■ **WORK TO COMPLETE**:
Take the entries below and print only the lines from the one with "600g セット 詰替用" through the one with "Bathroom Vanity Cabinet", exactly as they stand, both ends included.
DATASET RECORDS Start Marker
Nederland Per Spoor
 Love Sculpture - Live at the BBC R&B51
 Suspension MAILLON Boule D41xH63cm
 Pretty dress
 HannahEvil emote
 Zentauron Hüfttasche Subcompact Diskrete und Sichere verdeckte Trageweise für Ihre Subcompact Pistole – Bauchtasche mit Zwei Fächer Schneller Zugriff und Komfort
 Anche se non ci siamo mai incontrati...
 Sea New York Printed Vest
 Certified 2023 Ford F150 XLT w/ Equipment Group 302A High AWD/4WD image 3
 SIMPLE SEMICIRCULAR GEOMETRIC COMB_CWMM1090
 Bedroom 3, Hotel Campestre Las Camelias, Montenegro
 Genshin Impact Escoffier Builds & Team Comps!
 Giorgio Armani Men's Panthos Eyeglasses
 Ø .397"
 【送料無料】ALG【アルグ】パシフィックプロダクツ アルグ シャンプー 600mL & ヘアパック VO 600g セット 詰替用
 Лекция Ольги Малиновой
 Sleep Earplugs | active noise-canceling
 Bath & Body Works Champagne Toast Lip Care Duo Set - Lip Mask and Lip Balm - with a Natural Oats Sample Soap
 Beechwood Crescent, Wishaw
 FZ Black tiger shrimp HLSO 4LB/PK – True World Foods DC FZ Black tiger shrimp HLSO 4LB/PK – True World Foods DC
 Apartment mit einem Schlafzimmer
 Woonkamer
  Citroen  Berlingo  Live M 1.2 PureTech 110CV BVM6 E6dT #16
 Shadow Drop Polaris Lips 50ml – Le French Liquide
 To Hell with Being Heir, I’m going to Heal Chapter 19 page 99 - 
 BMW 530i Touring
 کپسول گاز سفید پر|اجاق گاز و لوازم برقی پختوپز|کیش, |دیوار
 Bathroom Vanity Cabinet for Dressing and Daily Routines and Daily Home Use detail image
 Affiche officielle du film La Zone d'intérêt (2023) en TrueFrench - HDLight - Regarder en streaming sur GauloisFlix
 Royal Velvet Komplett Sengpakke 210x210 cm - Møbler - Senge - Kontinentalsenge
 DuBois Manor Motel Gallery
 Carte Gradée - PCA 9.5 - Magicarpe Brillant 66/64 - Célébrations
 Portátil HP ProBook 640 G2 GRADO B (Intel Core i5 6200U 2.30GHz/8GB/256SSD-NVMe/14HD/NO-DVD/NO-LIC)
DATASET RECORDS End Marker
■ **REPLY**:
 【送料無料】ALG【アルグ】パシフィックプロダクツ アルグ シャンプー 600mL & ヘアパック VO 600g セット 詰替用
 Лекция Ольги Малиновой
 Sleep Earplugs | active noise-canceling
 Bath & Body Works Champagne Toast Lip Care Duo Set - Lip Mask and Lip Balm - with a Natural Oats Sample Soap
 Beechwood Crescent, Wishaw
 FZ Black tiger shrimp HLSO 4LB/PK – True World Foods DC FZ Black tiger shrimp HLSO 4LB/PK – True World Foods DC
 Apartment mit einem Schlafzimmer
 Woonkamer
  Citroen  Berlingo  Live M 1.2 PureTech 110CV BVM6 E6dT #16
 Shadow Drop Polaris Lips 50ml – Le French Liquide
 To Hell with Being Heir, I’m going to Heal Chapter 19 page 99 - 
 BMW 530i Touring
 کپسول گاز سفید پر|اجاق گاز و لوازم برقی پختوپز|کیش, |دیوار
 Bathroom Vanity Cabinet for Dressing and Daily Routines and Daily Home Use detail image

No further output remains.